Add workflow to check number of approvals

All PRs except trivial ones should require 2 approvals, since this a global setting we cannot allow trivial PRs to only have 1 from github configuration alone. So we set the required approvals in github to 1 and make this check required which will enforce 2 approvals unless overwritten or only CI files are touched.
timescale · Oct 18, 2024 · 0c8468b · 0c8468b
1 parent b65083e
commit 0c8468b
Showing 1 changed file with 45 additions and 0 deletions.

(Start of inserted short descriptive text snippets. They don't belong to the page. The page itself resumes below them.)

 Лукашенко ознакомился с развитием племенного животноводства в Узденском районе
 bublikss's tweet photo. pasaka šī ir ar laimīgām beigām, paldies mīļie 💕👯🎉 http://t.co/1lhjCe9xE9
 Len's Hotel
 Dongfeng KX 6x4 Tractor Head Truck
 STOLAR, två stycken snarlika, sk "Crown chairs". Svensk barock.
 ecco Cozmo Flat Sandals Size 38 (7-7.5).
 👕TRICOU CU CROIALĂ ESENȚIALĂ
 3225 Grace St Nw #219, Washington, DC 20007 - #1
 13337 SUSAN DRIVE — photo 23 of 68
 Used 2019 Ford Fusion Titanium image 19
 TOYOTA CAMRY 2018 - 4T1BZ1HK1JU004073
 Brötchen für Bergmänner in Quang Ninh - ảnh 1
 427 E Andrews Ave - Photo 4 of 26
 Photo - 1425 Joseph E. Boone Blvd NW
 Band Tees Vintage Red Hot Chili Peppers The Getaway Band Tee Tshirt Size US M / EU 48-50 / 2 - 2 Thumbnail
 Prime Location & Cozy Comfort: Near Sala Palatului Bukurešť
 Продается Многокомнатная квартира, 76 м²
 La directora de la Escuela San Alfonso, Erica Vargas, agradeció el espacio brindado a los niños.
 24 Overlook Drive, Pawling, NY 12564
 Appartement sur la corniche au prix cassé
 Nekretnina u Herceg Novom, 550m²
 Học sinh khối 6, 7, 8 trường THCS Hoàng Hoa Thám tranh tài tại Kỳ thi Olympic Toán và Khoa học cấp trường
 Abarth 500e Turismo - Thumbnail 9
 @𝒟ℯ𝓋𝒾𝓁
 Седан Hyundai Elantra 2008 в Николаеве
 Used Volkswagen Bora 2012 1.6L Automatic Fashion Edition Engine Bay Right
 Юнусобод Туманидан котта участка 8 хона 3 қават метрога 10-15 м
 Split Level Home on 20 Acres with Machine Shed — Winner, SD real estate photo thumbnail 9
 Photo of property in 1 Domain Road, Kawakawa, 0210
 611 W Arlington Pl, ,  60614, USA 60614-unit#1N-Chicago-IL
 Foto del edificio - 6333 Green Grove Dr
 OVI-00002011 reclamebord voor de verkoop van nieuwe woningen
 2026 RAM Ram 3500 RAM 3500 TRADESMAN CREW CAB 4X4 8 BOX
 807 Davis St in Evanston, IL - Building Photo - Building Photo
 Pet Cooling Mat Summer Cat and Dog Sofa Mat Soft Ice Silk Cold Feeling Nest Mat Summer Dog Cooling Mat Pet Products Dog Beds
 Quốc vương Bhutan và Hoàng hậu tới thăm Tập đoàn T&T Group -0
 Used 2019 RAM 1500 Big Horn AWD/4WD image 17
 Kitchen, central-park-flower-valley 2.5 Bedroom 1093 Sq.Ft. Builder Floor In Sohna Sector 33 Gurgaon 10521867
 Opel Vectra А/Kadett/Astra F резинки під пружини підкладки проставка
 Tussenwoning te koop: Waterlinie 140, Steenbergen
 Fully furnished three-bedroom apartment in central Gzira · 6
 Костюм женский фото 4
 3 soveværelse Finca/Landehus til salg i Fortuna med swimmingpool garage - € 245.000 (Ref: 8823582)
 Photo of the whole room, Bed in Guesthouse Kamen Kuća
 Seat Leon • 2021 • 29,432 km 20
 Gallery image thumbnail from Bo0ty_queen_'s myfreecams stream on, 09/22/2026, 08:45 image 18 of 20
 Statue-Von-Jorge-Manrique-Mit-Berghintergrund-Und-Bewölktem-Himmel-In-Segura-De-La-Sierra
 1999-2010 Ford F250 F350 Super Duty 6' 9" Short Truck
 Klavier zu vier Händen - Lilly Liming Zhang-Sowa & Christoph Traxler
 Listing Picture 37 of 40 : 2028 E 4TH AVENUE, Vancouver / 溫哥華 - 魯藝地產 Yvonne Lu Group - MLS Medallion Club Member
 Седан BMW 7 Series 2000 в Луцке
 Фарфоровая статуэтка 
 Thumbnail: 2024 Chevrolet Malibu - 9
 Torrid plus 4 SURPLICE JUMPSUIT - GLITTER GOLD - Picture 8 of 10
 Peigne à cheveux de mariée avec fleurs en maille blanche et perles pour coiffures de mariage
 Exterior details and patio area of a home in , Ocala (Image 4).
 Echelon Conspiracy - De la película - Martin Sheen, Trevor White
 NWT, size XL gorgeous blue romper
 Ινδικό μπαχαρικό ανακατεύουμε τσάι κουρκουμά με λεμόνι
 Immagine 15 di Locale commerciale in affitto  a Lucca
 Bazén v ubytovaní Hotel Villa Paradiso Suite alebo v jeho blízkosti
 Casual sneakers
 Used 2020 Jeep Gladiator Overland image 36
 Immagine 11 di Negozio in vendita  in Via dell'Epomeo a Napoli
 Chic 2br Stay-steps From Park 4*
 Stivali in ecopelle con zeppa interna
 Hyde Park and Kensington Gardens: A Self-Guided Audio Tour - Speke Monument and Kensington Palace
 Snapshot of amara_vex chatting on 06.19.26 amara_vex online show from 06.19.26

diff --git a/.github/workflows/pr-approvals.yaml b/.github/workflows/pr-approvals.yaml
@@ -0,0 +1,45 @@
+# All PRs except trivial ones should require 2 approvals, since this a global setting
+# we cannot make this decision from github configuration alone. So we set the required
+# approved in github to 1 and make this check required which will enforce 2 approvals
+# unless overwritten or only CI files are touched.
+name: PR Approval Check
+"on":
+  pull_request:
+    branches: [main]
+jobs:
+
+  check_approvals:
+    name: Check for sufficient approvals
+    runs-on: ubuntu-latest
+    steps:
+      - name: Checkout source
+        uses: actions/checkout@v4
+
+      - name: Check for sufficient approvals
+        shell: bash --norc --noprofile {0}
+        env:
+          BODY: ${{ github.event.pull_request.body }}
+          GH_TOKEN: ${{ github.token }}
+          PR_NUMBER: ${{ github.event.pull_request.number }}
+        run: |
+          echo "$BODY" | egrep -qsi '^disable-check:.*\<approval-count\>'
+          if [[ $? -ne 0 ]]; then
+            # Get the list of modified files in this pull request
+            files=$(gh pr view $PR_NUMBER --json files --jq '.files.[].path | select(startswith(".github") | not)')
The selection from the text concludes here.